On 7/22/10 1:56 PM, Aryeh Gregor wrote:
On Thu, Jul 22, 2010 at 4:02 PM, David Gerarddgerard@gmail.com wrote:
This is a perennial proposal. It's an idea I like, as it puts control in the hands of the viewer rather than third parties. All it requires is someone to code something that passes muster as being unlikely to melt the servers.
cc to wikitech-l - how feasible is something that allows users to stop display of arbitrary image categories and/or subcategories?
It's entirely feasible. I even have an outline written up:
http://www.mediawiki.org/wiki/User:Simetrical/Censorship
Maybe if I have time left after category sorting this summer, Wikimedia could have me do this.
Interesting proposal. I think it's on the right track.
Pushing censorship to the browser means that we have to reimplement it where ever our content is viewed -- including mobile sites and other alternative ways of browsing Wikipedia and sister sites.

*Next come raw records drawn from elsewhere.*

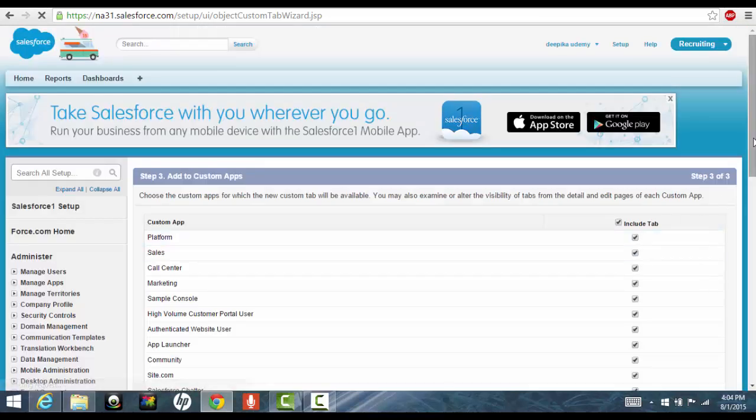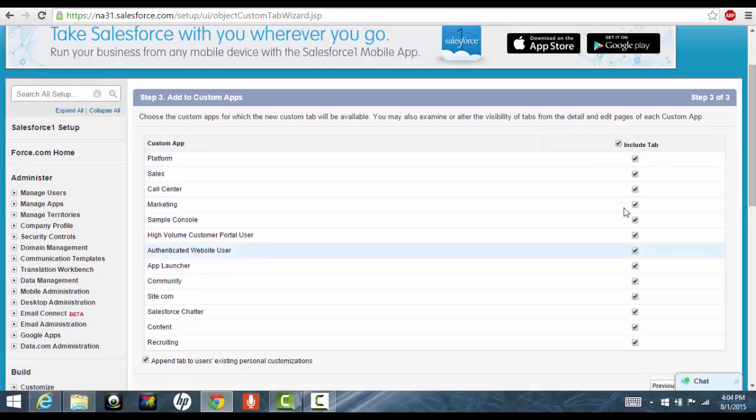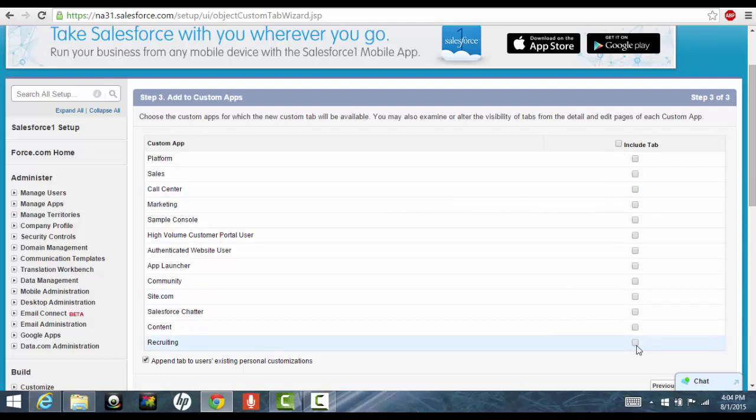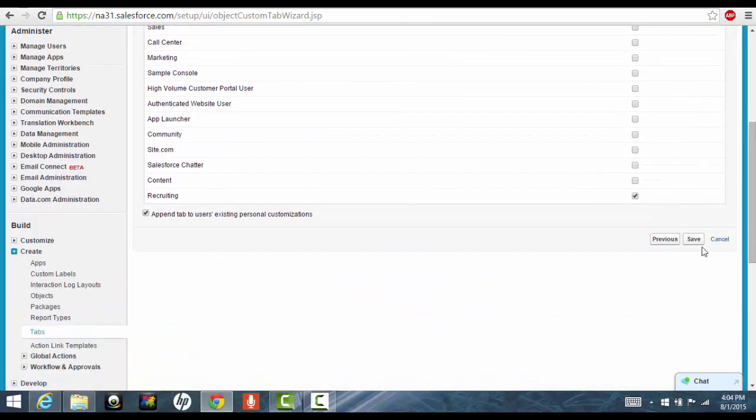And I wanted to include this tab. So these are the existing applications. I don't want to include this tab in all the applications. I only want it under the recruiting application because positions make sense for the recruiting application. And go ahead and click save.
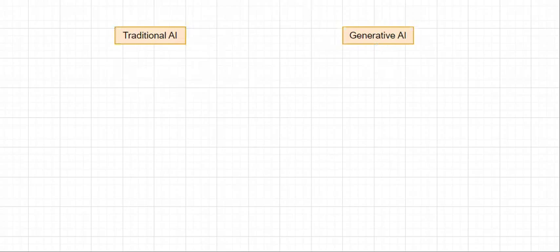So now let's ask the key questions: what can Traditional AI do and what can Generative AI do? When do I use Traditional AI, and when do I use Generative AI?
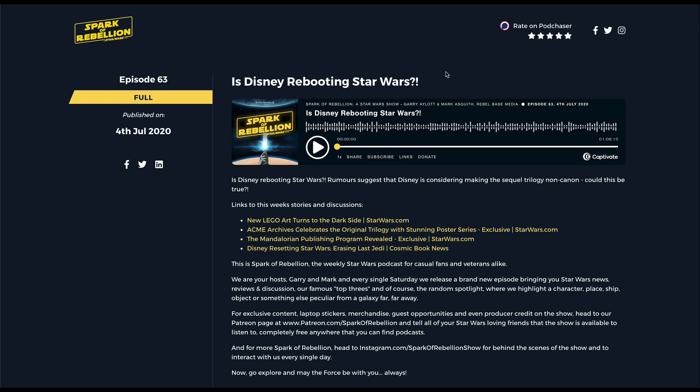In this podcasting tutorial, I'm going to teach you how to add clickable episode timestamps to your podcast show notes to enable your listeners on your website to click a timestamp and navigate to a specific part of your podcast episode.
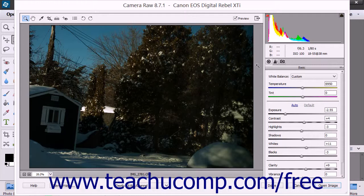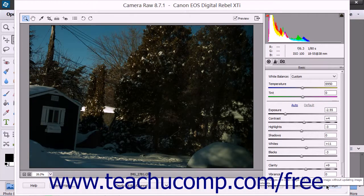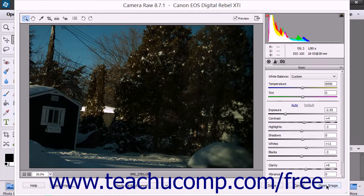To open a copy of the image within the Photo Editor, simply click the Open Image button in the lower right corner of the Camera Raw dialog box after making the desired Camera Raw adjustments.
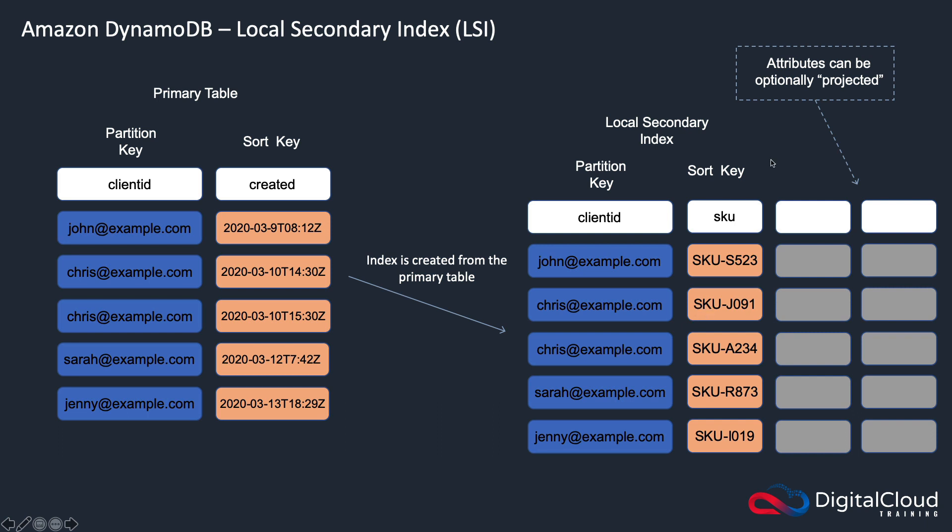You can also optionally project attributes. So that means that all those other attributes on the table, which I'm not showing in this diagram, you could then also project those over. So things like the category,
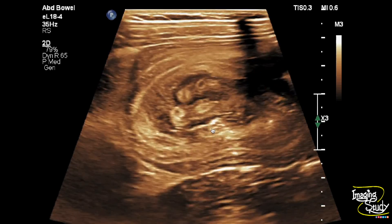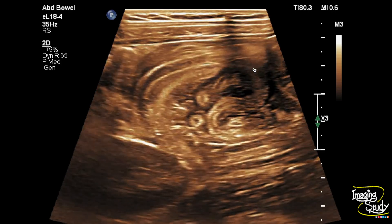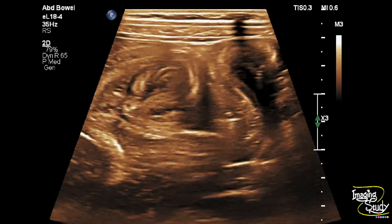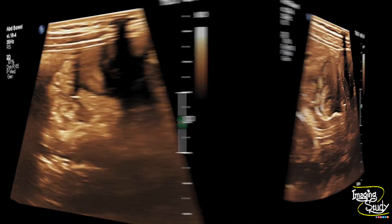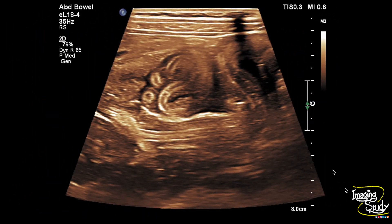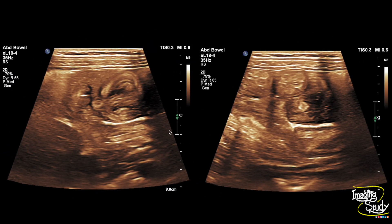You can see on cross section they appear round in shape. Here's a picture where you can see snake-like structures within the bowel lumen. And in this picture you can still see these hyperechoic worms within the bowel lumen, in longitudinal section and cross section.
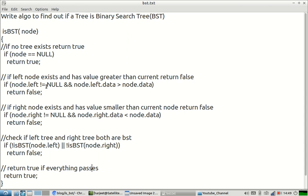We check if the node exists — if it doesn't exist, we return true. We check if a left child exists and if its value is greater than the current node, we return false. The same is done for the right side. Then we divide the tree and check the same thing for the left subtree and the right subtree. If both return true, we say this is a binary search tree.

But that seems like it's doable, particularly since you're exploiting CSS classes.
Blurring seems a bit deluxe to me -- it's probably adequate to just block the image and show something in its place with the same dimensions. (At Flickr, they use an image of greyish-black static for this).
But I think any proposal that works is going to look like yours, given the realities of how Wikimedia content is hosted.